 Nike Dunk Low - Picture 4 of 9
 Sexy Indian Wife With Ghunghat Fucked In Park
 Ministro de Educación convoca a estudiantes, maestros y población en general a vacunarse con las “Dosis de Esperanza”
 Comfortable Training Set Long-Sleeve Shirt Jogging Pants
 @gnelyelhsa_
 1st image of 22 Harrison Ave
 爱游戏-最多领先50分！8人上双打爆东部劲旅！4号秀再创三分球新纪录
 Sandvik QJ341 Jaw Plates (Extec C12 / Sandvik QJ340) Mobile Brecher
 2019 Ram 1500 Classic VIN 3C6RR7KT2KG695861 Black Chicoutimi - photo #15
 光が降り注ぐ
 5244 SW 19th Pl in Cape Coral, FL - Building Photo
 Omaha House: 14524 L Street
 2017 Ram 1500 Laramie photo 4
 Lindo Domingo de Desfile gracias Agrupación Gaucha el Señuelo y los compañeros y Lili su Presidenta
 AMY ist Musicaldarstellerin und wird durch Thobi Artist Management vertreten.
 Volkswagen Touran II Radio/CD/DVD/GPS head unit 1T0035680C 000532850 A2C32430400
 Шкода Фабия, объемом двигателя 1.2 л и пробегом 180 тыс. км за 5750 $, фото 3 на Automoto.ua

____

Your objective: Transcribe all of the lines in the records precisely.

Answer to the problem:
 Nike Dunk Low - Picture 4 of 9
 Sexy Indian Wife With Ghunghat Fucked In Park
 Ministro de Educación convoca a estudiantes, maestros y población en general a vacunarse con las “Dosis de Esperanza”
 Comfortable Training Set Long-Sleeve Shirt Jogging Pants
 @gnelyelhsa_
 1st image of 22 Harrison Ave
 爱游戏-最多领先50分！8人上双打爆东部劲旅！4号秀再创三分球新纪录
 Sandvik QJ341 Jaw Plates (Extec C12 / Sandvik QJ340) Mobile Brecher
 2019 Ram 1500 Classic VIN 3C6RR7KT2KG695861 Black Chicoutimi - photo #15
 光が降り注ぐ
 5244 SW 19th Pl in Cape Coral, FL - Building Photo
 Omaha House: 14524 L Street
 2017 Ram 1500 Laramie photo 4
 Lindo Domingo de Desfile gracias Agrupación Gaucha el Señuelo y los compañeros y Lili su Presidenta
 AMY ist Musicaldarstellerin und wird durch Thobi Artist Management vertreten.
 Volkswagen Touran II Radio/CD/DVD/GPS head unit 1T0035680C 000532850 A2C32430400
 Шкода Фабия, объемом двигателя 1.2 л и пробегом 180 тыс. км за 5750 $, фото 3 на Automoto.ua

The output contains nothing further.